Lembro-me que no início da adolescência me ocorreu uma questão que ocupou minhas reflexões por algum tempo: por que existe um mundo? E como seria se não houvesse nada... Quer dizer, nada mesmo. Com o passar do tempo e o natural surgimento de outras demandas (mais pragmáticas), esses devaneios ficaram adormecidos.
Muitos anos depois, em algum momento do começo de 2013, vi, por acaso, uma resenha de um livro numa revista que me chamou a atenção. Tratava-se de um trabalho de um autor chamado Jim Holt, que se debruçara justamente naquela questão que me ocorrera espontaneamente muitos anos antes.
"Por que o mundo existe?" (Editora Intrínseca, 2012) aprofunda-se na investigação filosófica (e também científica e religiosa) do por que existe um mundo e não simplesmente o nada, e é bastante interessante.
Logicamente que, por ser uma questão estritamente metafísica e inescrutável, que não se deve esperar por uma conclusão cartesiana, didática, definitiva. O texto se desenvolve através do que já foi pensado a esse respeito ao longo da história da humanidade, do que pensam os cientistas, os religiosos, as pessoas comuns (e curiosas), e com isso constrói-se uma narrativa investigativa e que induz à reflexão, mas sendo o assunto que é, não há uma resposta conclusiva. O mérito está no caminho, e não no destino.
A título de ilustração, vejamos algumas passagens do texto:
"... qualquer explicação puramente cientifica da
existência do universo está fadada à circularidade."

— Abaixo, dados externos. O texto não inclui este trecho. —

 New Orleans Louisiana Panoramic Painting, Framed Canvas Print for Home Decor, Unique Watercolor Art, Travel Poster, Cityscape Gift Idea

"Ninguém pode se dizer dotado de superioridade
intelectual frente ao mistério da existência. Pois, como William James
observou, 'nesse ponto somos todos indigentes'
"Se o meu ser, o microcosmo, é ontologicamente
precário, talvez o mesmo se dê com o macrocosmo, o universo como um todo. Em
termos conceituais, a pergunta 'Por que o mundo existe' rima com 'Por que eu
existo?' ".
"Para Leibniz, a resposta era fácil. O motivo da
existência do mundo, afirmava então, era Deus, que o criou por livre escolha,
motivado por sua infinita bondade. Mas qual seria a explicação para a
existência do próprio Deus?"
"Bertrand Russel assim resumia o consenso filosófico:
'devo dizer que o universo apenas está aí, e isso é tudo.' "
"Einstein estava convencido de que o universo era não
só eterno mas também imutável de uma forma geral. Assim, em 1917, quando
aplicou sua teoria geral da relatividade ao espaço-tempo como um todo, ficou
perplexo ao constatar que suas equações indicavam algo radicalmente diferente:
o universo deve estar se expandindo ou se contraindo."

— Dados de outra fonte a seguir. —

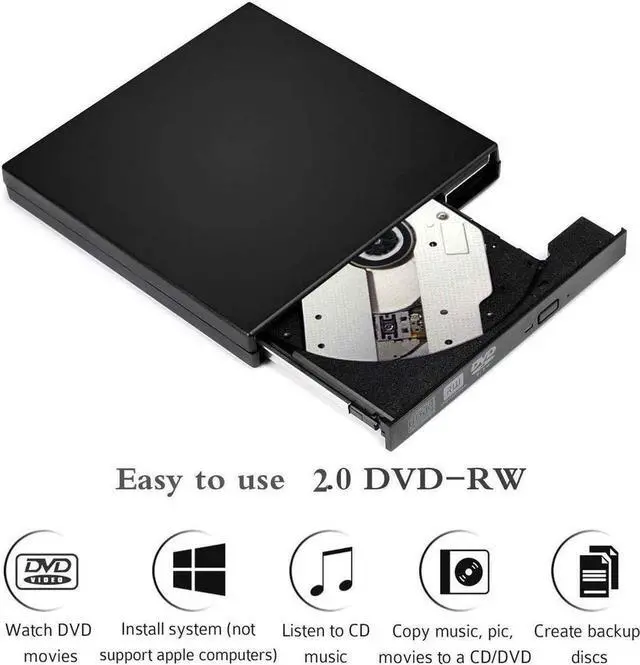 Alt view image 2 of 7 - External DVD CD Drive USB2.0, UltraSlim Portable CD-RW DVD-R Combo Burner Writer Player for Laptop Notebook PC Desktop Computer, Black (Including Two Cables)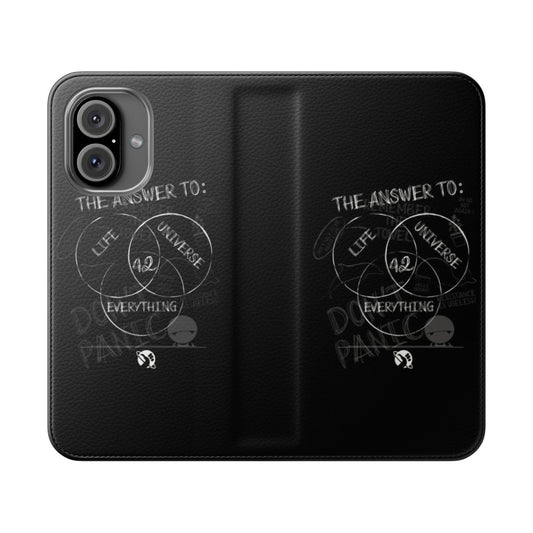 Hitchhiker's Guide to the Galaxy inspired flip cover phone case featuring the iconic '42' and 'Don't Panic' design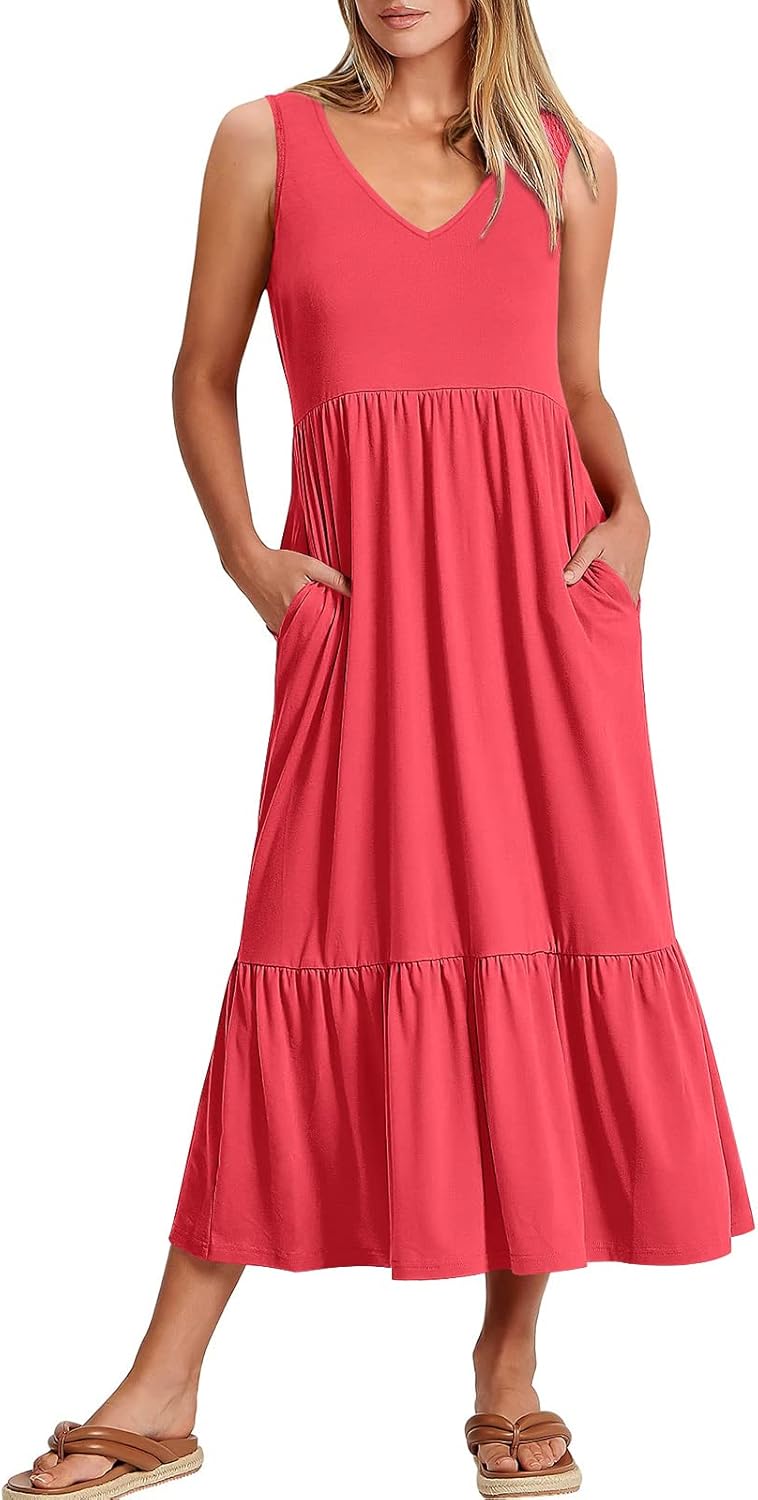 Womens Summer Maxi Dresses Fit & Flare Flowy V Neck Sleeveless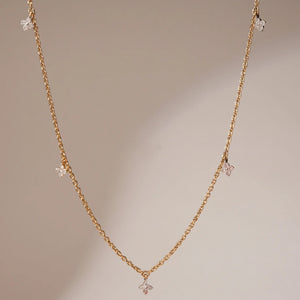 Dangling Diamond Charm Gold Necklace
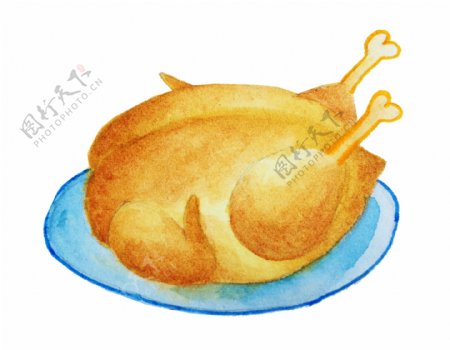 水彩烤鸭美食插画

"Assim como passou a existir com o Big Bang inicial,
expandindo-se e evoluindo até a forma atual, ele também poderia vir a
desaparecer num futuro distante com um Big Crunch, um grande esmigalhamento.
(Uma das questões da cosmologia hoje é saber se o destino final do universo
será um grande esmigalhamento, um grande congelamento ou um grande colapso.)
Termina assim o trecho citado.